That’s not to say people aren’t currently working toward bridging these gaps. Perhaps one of the largest efforts was a study just published in The Lancet where researchers aimed to establish the effect of early detection screening methods. The results showed women who received an annual screening, either a multimodal test for levels of the protein CA-125 or a transvaginal ultrasound, were less likely to die from ovarian cancer. Memorial Sloan Kettering reports that more than 90 percent of advanced ovarian cancer cases produce CA-125, while a transvaginal ultrasound seems to be a consistent and promising screening method.

Conversely, the CDC report found that uptake of genetic screening remains alarmingly rare in spite of new knowledge that women with the gene mutations most often associated with breast cancer, BRCA1 and BRCA2, have a 39 percent increased risk of developing ovarian cancer by the age of 70, Strauss said; the gene can be passed on by either parent.

Race & Money Matter

The advancements in ovarian cancer care have benefited some women, but not all. Overall, the five-year relative survival for all types of ovarian cancer is 45 percent, a rate that has declined among African-American women, Strauss said. A 2012 study from the University of California, Irvine, found that African Americans and poor women were less likely to receive the highest standards of care, which leads to worse outcomes compared to those of white and affluent patients. Women on Medicaid and those with no insurance have a 30 percent increased risk of cancer death; poor women experience worse outcomes regardless of race, according to the research.
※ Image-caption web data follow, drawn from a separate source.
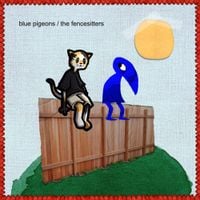 Blue Pigeons - Blue Pigeons / The Fencesitters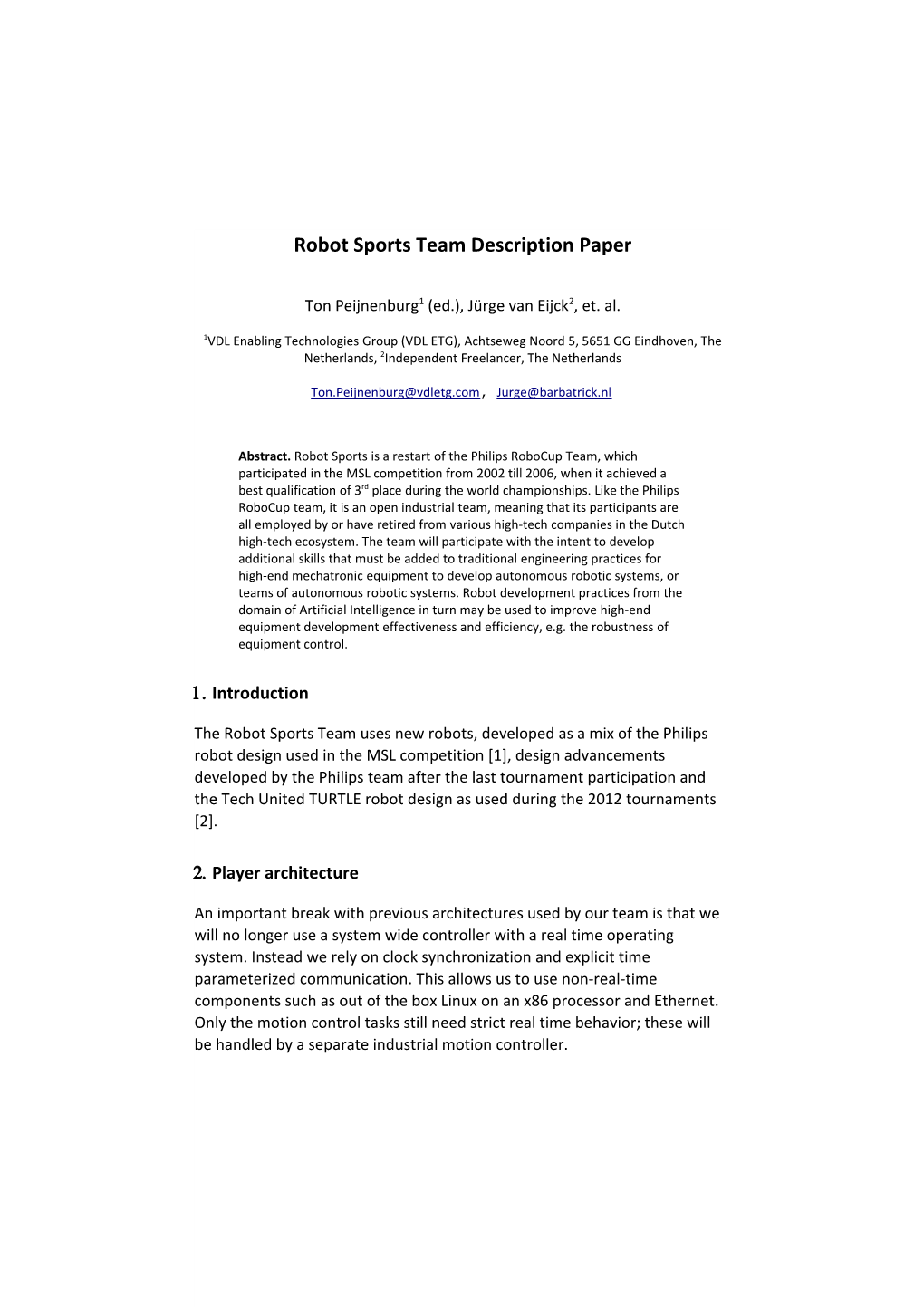 Robot Sports Team Description Paper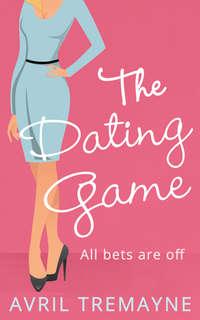 The Dating Game, Avril Tremayne audiobook. ISDN39804761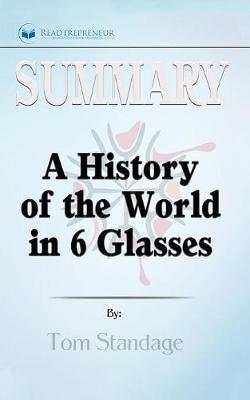 Summary of A History of the World in 6 Glasses by Tom Standage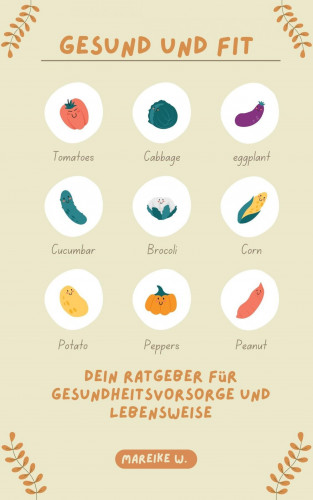 Mareike W.: Gesund und Fit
A separate study conducted at the University of Texas M. D. Anderson Cancer Center in Houston found that, despite its decade-long availability, a majority of women with ovarian cancer were unaware of genetic testing for BRCA1 and BRCA2 mutations. And this awareness was more profound among minority women — 69 percent of Hispanic and 88 percent of African American respondents hadn’t heard of it compared to 52 percent of white women.

Women treated by a gynecological oncologist definitely gain an advantage in survival, as do women who undergo intraperitoneal chemotherapy, Strauss said. The latter treatment is a type of chemo, sometimes called a belly bath, that has proven more effective than a standard intravenous drip of therapy. A 2007 study found that women treated by non-gynecological oncologists or surgeons who perform fewer ovarian cancer surgeries were less likely to receive recommended surgical care. The report concludes that we need more research to better understand the racial disparity in treatment.

Where Women Can Look For Help

Women should take heart that there are targeted therapies on the horizon — precision medicine and immunotherapy treatment approaches, as well as new clinical trial designs to study the efficacy of existing therapies are currently underway. More importantly, the report notes how others might support women who have been diagnosed. Nutrition, exercise, and discussion surrounding palliative care can benefit and improve quality of life.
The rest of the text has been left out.